The Open Invention Network, the Software Freedom Law Center, and the Linux Foundation have teamed up to create another tool to defend Linux from patents. It will be hosted by the NYU Peer to Patent folks, where Mark Webbink is now. It is called Linux Defenders, and that would be you, in that they are asking folks to provide prior art to block anyone else from patenting it. Over time, this could be very significant as a protective wall. Essentially, as I understand it, it works like this: Since it costs a prohibitive amount of money to file for patents, the workaround is defensive publication. That results in prior art which can then block patents on that prior art. Brilliant, my dear Watson. No kidding. This is a good idea. The Linux Defenders site describes defensive publication like this:
Defensive publications, which are endorsed by the USPTO as an IP rights management tool, are documents that provide descriptions and artwork of a product, device or method so that it enters the public domain and becomes prior art upon publication. This powerful preemptive disclosure prevents other parties from obtaining a patent on a product, device or method that is known though not previously patented. It enables the original inventor to ensure access to the invention across the community by preventing others from later.
So it's a cheap way to collect defensive prior art without having to apply for a patent. Of course, you can do that too.
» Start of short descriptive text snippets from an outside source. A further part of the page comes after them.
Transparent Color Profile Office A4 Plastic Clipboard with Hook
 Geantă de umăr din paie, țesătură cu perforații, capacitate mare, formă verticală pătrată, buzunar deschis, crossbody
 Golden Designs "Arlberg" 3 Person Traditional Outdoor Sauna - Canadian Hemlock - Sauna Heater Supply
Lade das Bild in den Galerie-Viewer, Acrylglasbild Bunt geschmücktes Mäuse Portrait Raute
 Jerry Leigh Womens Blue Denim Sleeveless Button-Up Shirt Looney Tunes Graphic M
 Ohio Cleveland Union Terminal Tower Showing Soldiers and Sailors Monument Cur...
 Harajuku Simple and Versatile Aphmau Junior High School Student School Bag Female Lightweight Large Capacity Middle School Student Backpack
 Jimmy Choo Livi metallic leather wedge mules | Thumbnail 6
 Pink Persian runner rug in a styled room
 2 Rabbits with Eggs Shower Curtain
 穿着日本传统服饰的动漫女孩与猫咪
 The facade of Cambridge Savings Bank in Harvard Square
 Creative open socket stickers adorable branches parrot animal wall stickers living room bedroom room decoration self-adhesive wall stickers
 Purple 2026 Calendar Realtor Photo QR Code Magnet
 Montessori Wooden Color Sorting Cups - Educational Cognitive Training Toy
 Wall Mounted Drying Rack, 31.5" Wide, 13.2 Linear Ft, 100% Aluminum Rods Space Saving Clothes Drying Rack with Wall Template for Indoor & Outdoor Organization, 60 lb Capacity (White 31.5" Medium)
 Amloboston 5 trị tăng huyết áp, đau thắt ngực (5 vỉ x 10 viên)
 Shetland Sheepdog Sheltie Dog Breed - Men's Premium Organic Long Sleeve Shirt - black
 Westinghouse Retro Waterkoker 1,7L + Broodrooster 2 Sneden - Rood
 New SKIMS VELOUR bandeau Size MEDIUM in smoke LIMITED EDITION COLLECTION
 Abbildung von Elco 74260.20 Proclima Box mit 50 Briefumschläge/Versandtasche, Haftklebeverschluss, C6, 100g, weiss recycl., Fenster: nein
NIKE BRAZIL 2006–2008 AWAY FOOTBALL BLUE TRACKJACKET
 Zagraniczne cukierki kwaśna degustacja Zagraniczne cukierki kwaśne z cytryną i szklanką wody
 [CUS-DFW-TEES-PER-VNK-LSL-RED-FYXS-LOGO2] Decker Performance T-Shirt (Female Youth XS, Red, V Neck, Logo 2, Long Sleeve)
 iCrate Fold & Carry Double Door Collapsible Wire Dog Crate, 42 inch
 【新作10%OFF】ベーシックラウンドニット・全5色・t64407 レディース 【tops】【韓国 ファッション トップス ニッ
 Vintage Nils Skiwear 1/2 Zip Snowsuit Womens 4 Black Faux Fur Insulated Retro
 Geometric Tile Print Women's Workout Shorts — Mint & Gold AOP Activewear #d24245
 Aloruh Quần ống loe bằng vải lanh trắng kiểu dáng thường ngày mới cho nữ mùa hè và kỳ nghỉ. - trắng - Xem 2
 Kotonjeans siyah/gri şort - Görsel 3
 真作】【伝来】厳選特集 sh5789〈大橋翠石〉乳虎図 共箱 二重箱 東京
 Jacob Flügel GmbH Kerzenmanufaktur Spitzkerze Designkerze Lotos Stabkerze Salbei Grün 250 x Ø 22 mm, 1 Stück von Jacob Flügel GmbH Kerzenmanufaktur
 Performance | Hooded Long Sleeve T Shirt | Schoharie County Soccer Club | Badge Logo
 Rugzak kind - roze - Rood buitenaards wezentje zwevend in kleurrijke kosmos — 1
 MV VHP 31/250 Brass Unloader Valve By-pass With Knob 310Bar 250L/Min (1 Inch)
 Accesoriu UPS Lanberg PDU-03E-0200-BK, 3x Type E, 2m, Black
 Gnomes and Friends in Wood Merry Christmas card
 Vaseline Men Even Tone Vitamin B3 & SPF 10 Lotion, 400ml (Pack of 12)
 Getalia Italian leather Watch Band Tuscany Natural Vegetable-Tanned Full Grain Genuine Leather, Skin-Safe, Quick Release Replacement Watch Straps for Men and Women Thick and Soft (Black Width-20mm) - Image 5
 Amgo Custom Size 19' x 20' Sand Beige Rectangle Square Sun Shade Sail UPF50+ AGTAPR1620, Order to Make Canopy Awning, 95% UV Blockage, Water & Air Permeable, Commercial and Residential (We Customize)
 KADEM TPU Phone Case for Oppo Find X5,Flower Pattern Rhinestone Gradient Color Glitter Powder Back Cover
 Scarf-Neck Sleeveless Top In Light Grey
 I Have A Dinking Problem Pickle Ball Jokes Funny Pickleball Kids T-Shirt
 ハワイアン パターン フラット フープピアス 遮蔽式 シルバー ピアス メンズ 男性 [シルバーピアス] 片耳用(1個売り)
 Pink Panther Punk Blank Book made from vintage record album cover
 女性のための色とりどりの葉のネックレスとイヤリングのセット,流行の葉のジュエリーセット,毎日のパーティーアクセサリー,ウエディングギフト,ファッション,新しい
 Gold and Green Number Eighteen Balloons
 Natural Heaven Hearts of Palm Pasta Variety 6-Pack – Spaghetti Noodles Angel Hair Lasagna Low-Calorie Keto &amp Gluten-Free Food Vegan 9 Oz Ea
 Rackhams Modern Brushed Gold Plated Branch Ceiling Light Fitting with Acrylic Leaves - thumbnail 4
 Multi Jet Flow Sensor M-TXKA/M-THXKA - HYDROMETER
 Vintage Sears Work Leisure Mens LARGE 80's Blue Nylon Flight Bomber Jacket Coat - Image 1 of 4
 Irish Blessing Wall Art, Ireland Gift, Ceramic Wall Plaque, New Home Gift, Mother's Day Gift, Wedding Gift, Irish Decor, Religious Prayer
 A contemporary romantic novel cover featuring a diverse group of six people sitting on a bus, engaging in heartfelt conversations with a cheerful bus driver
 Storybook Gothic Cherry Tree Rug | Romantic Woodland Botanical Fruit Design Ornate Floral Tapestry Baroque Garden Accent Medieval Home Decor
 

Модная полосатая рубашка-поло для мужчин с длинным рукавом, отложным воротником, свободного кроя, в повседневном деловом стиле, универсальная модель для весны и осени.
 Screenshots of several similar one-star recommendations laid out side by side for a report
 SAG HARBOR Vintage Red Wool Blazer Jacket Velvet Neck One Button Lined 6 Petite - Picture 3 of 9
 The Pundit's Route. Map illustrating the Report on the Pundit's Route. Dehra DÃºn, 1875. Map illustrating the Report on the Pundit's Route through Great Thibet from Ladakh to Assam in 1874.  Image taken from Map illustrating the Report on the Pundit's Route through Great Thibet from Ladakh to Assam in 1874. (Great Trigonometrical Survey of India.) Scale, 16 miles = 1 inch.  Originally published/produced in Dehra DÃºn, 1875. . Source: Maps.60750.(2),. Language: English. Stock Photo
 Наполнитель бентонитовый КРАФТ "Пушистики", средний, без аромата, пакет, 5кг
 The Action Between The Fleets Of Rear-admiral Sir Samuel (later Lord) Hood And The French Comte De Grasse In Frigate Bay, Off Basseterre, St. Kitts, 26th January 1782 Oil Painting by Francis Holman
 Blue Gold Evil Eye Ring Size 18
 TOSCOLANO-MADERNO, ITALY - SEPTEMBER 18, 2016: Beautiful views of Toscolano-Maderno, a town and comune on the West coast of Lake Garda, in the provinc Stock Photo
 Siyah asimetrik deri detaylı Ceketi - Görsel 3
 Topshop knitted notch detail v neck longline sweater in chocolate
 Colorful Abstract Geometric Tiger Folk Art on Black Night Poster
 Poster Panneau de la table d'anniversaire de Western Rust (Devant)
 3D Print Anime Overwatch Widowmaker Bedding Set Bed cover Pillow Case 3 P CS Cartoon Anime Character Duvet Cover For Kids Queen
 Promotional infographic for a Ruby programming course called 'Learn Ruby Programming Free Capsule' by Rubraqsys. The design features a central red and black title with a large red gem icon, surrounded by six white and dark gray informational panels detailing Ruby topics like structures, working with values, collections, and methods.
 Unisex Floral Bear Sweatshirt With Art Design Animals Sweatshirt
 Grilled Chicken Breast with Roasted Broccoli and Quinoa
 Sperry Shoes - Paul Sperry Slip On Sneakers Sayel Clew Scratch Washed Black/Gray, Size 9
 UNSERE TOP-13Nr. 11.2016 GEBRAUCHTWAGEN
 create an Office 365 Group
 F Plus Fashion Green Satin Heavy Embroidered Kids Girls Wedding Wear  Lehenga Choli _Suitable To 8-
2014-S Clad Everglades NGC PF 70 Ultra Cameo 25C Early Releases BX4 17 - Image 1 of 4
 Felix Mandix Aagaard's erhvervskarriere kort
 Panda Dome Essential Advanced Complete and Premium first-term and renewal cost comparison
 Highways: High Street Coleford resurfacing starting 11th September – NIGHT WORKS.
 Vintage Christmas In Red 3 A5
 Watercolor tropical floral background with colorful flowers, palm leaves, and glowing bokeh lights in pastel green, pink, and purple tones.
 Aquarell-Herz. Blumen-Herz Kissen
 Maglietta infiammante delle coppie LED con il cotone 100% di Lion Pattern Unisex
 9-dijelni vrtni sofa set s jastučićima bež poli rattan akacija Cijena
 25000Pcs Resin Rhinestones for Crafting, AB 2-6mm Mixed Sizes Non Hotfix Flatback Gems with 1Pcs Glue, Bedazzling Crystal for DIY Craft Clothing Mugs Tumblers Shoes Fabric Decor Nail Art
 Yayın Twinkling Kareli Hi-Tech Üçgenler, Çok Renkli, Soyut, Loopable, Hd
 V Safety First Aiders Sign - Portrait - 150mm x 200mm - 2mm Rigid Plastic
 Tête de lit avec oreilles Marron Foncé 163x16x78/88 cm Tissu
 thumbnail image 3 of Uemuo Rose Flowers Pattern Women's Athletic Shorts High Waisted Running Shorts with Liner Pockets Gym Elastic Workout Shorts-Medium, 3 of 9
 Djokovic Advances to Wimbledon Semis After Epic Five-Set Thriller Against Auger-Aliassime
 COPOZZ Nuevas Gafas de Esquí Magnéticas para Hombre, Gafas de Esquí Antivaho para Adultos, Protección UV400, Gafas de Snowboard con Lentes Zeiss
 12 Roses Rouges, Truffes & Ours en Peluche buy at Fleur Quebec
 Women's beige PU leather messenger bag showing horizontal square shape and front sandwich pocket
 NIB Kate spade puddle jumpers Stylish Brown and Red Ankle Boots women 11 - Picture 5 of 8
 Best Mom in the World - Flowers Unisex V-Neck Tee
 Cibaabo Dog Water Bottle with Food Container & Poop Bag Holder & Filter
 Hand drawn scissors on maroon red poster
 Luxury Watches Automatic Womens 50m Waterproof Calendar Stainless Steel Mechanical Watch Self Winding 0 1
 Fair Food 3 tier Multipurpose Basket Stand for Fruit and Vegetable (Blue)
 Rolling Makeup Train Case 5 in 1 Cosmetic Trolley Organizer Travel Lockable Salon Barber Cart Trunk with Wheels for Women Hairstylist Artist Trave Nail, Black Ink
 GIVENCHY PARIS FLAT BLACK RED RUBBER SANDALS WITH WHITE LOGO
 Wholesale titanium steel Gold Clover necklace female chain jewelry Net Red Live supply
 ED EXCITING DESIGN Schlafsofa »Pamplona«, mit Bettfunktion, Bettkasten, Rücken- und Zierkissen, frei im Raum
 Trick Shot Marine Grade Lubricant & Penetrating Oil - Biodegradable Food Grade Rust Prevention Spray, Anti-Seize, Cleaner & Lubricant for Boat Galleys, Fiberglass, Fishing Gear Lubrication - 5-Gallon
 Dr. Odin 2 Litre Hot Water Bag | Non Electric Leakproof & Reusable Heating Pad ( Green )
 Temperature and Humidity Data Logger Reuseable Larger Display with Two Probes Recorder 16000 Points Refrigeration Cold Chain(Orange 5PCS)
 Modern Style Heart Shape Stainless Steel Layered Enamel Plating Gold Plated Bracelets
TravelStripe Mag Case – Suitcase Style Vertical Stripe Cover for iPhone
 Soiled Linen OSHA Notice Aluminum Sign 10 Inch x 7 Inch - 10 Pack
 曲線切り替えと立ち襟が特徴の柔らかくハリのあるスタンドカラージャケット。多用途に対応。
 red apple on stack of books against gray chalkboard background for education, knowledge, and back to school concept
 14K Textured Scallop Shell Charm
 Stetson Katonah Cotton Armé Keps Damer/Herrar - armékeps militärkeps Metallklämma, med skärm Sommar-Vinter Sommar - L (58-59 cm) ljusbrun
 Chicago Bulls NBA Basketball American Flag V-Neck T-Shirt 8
But most of us can't afford to get a patent, even for defensive purposes, but anyone, as they say, can do this.

Here's the part of the press release for us to focus on:
Co-sponsored by the Software Freedom Law Center and the Linux Foundation, Linux Defenders is a first-of-its-kind program which aims to reduce future intellectual property concerns about meritless patents for the Linux and open source community. The program is designed to accomplish this by soliciting prior art to enable the rejection of poor quality patent applications; soliciting prior art to enable the invalidation of poor quality issued patents; and soliciting high quality inventions that can be prepared as patent applications or defensive publications.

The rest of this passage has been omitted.